What is there even to say about being an IV drug addict? It's a bad life. I've had it much better than so many others I encounter at meetings. The woman who led the meeting tonight lived on the streets for years, whereas I've never once been homeless. I graduated college. I've had various decent jobs (although I've fucked up a ton of them due to drug use). But I've had all kinds of bad things happen to. My health has suffered tremendously. But it's the psychological effects that take the biggest toll. I've heard that you are emotionally at the age you were when you first became an addict, so now that I'm trying to get sober (something, by the way, I've been trying to do for years, with literally countless numbers of relapses), I feel like I'm stuck in high school emotionally. It's a tough thing to deal with, but I'm only 31, so I'm not too old. I've decided to go back to school to become a nurse recently, so I'm working towards that. I got out of rehab recently, separated from my girlfriend of 7+ years (as you can imagine, drug addiction was the reason why), and moved back from Los Angeles to the East Coast to live with my parents to go back to school.

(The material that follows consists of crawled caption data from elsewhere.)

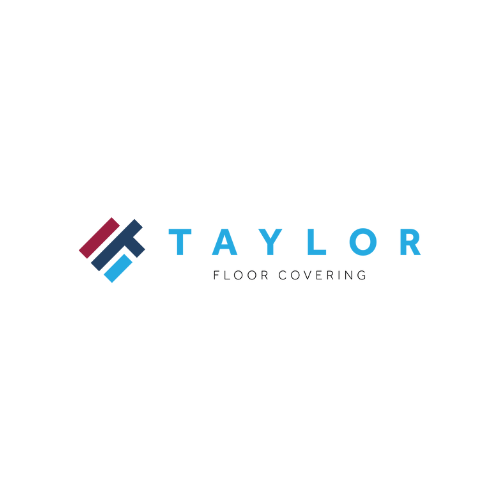 Taylor website logo 5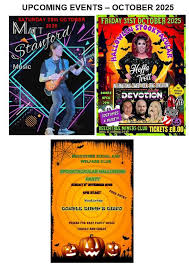 Image result for Beech Tree Miners Welfare Bowling Club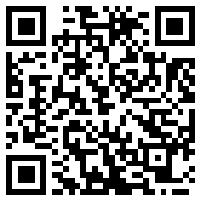QR Code for bitcoin:1AgY2JLseootLScKFs5HEz6mLQCPJeakkH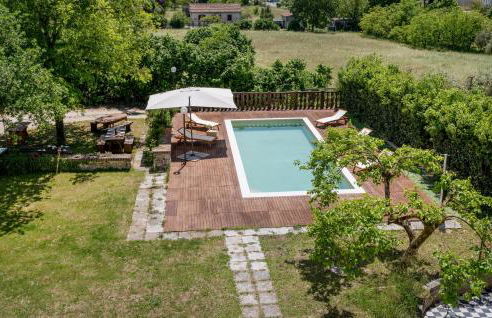 Awesome Home In Rieti With Wifi - Foto 14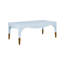 Coffee Table-336064668
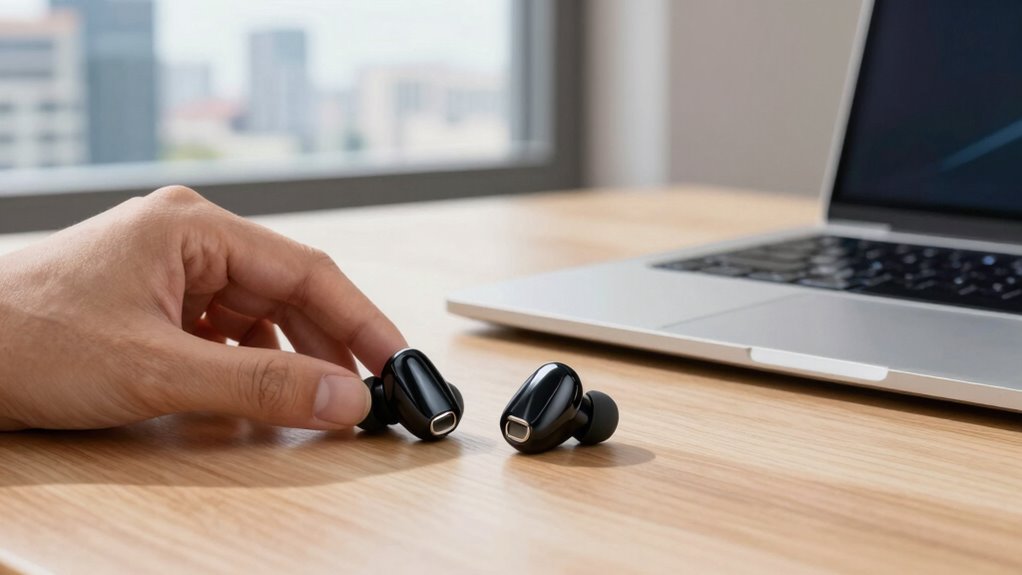 top usb c earbuds 2026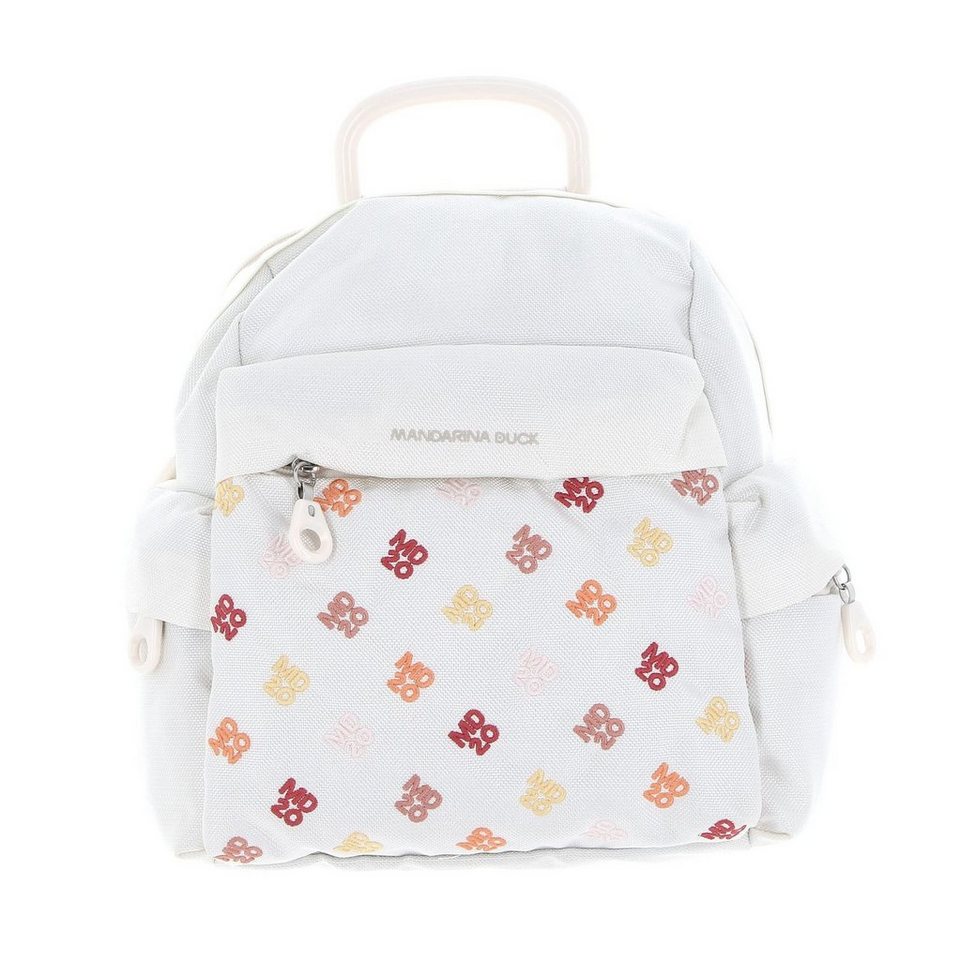 Mandarina Duck Rucksack MD20 Blossom von Mandarina Duck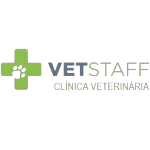 VET STAFF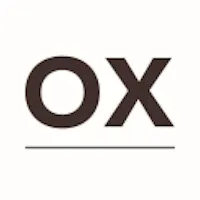 Ox Denmarq logo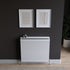 products/4501-RADIATOR-SHELF-600x150x18mm-MATTE-WHITE-FRONT-LIFESTYLE.jpg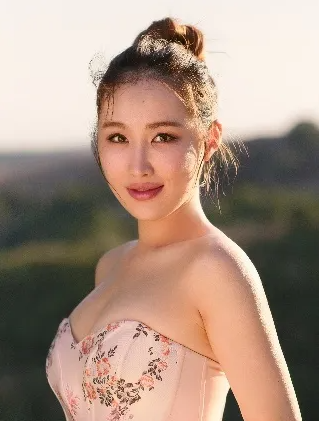 /uploads/image/2025/10/28/e61503d4beb646387f6cb2d62316fb93.png 图片.png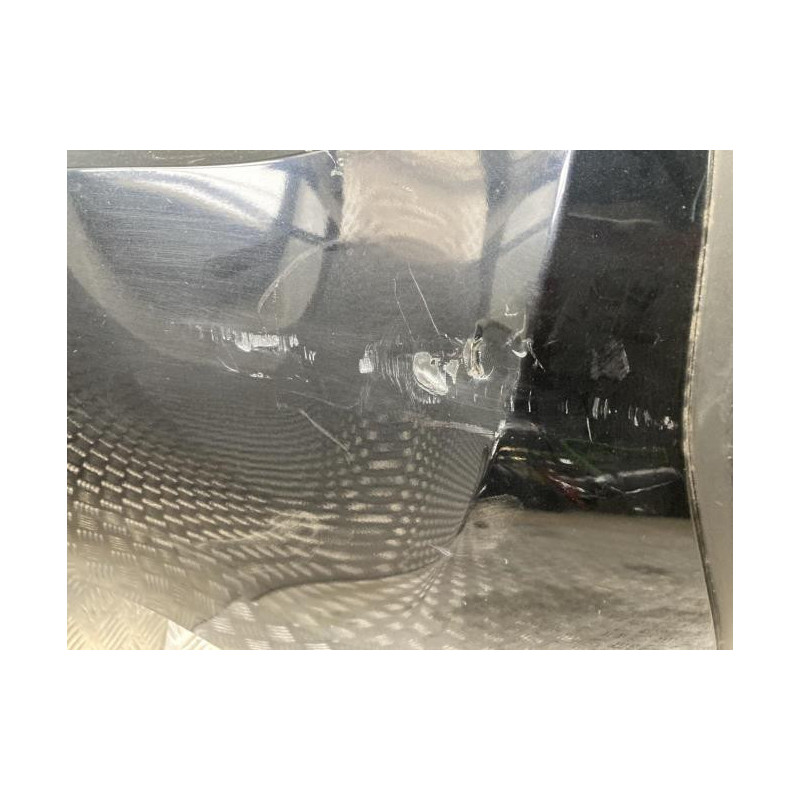 Pare choc arriere MAZDA CX5 1 PHASE 2 d’occasion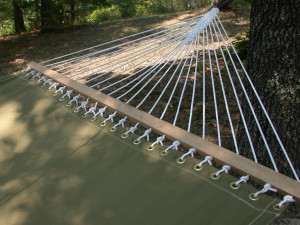 Boatswain Lanyards, Boatswain Whistles, Brass Bells, Nautical Bell ...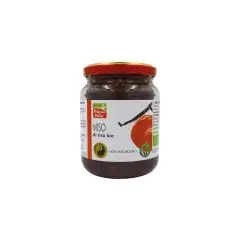 miso-riso-la-finest-sul-cielo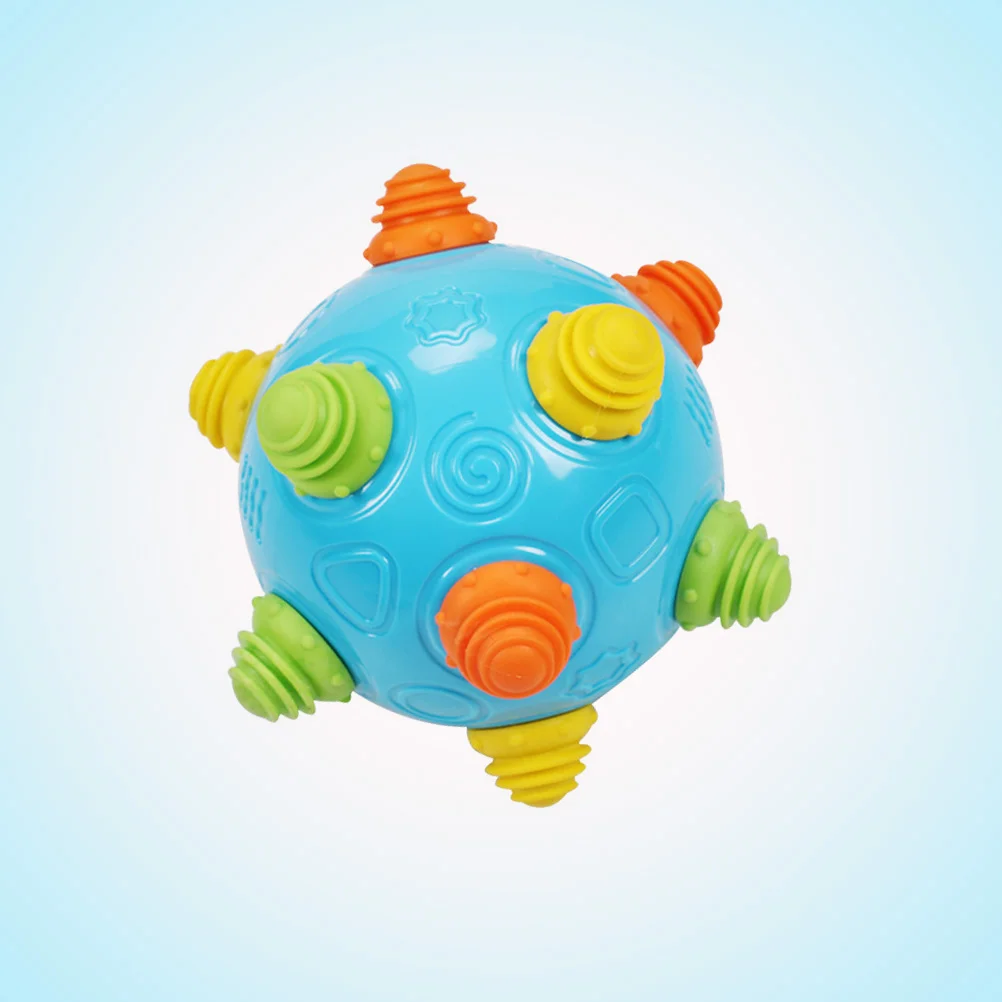 

1Pc Jumping Funny Creative Interesting Vibrating Dancing for Toddler Kids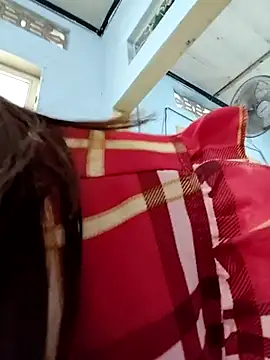 Snapshot of Baby-ladyass20 chatting on 10-30-25, 01:40 Baby-ladyass20 online show from 10-30-25, 01:40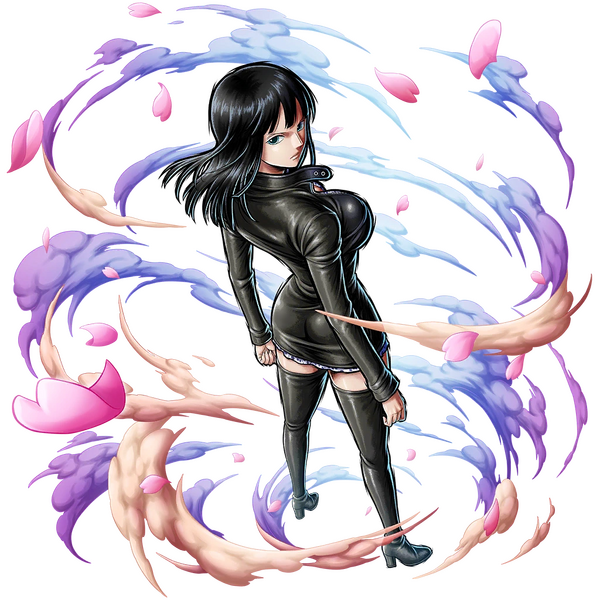 Archivo:Enies Lobby Robin.png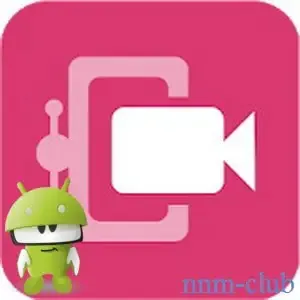 Иконка Smart Video Compressor v1.2 Ad Free [Ru En]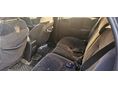 OPEL FRONTERA 1999 - 4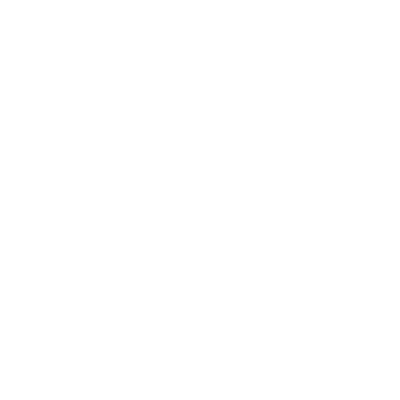 Brownwood Regional Airport (KBWD) ICAO Hoodie Sweatshirt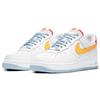 Air Force 1 Low Kindness Day 2020 DC2196-100
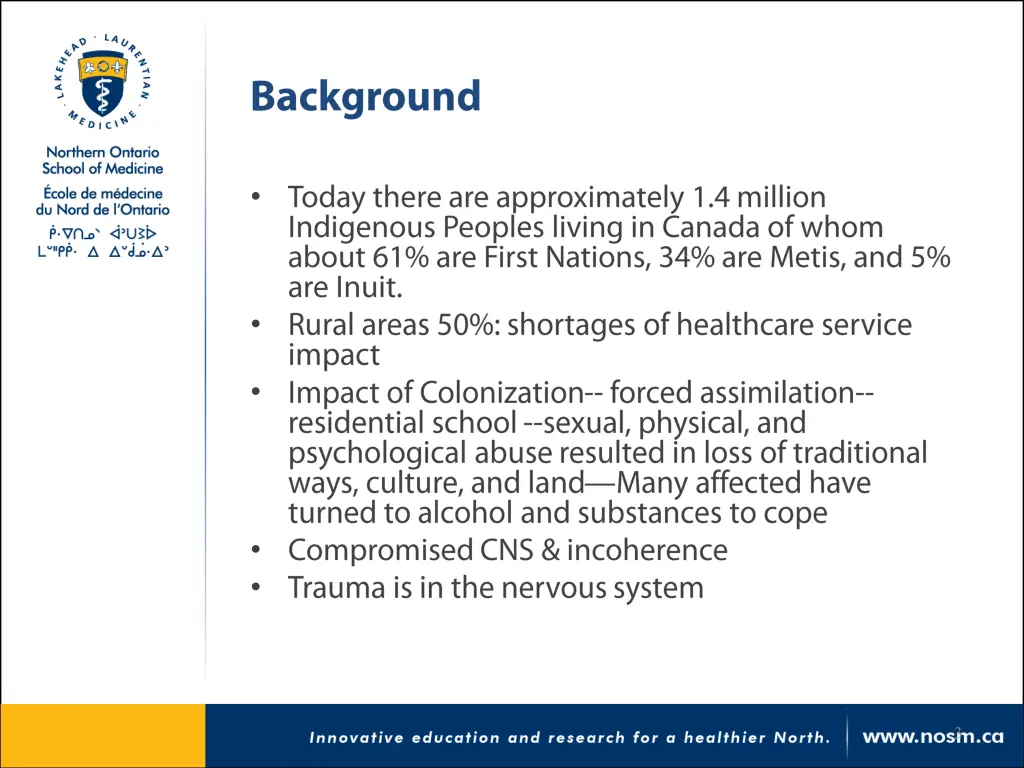 slide3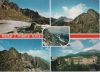Vysoke Tatry - Hohe Tatra - Slowakei - 5 Bilder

As I mentioned earlier, I also can relate to alcoholism, despite heroin and IV cocaine being my drugs of choice. When I first tried to quit drugs in my earlier 20s, I started drinking very heavily as a way to cope with life. I used to drink almost a bottle of liquor to myself every night, blacking out pretty much constantly, since I would drink it so fast. I knew even then that I wasn't really clean in any way when I was drinking so much. Unsurprisingly, the year or so of alcoholic drinking led to a relapse on other drugs.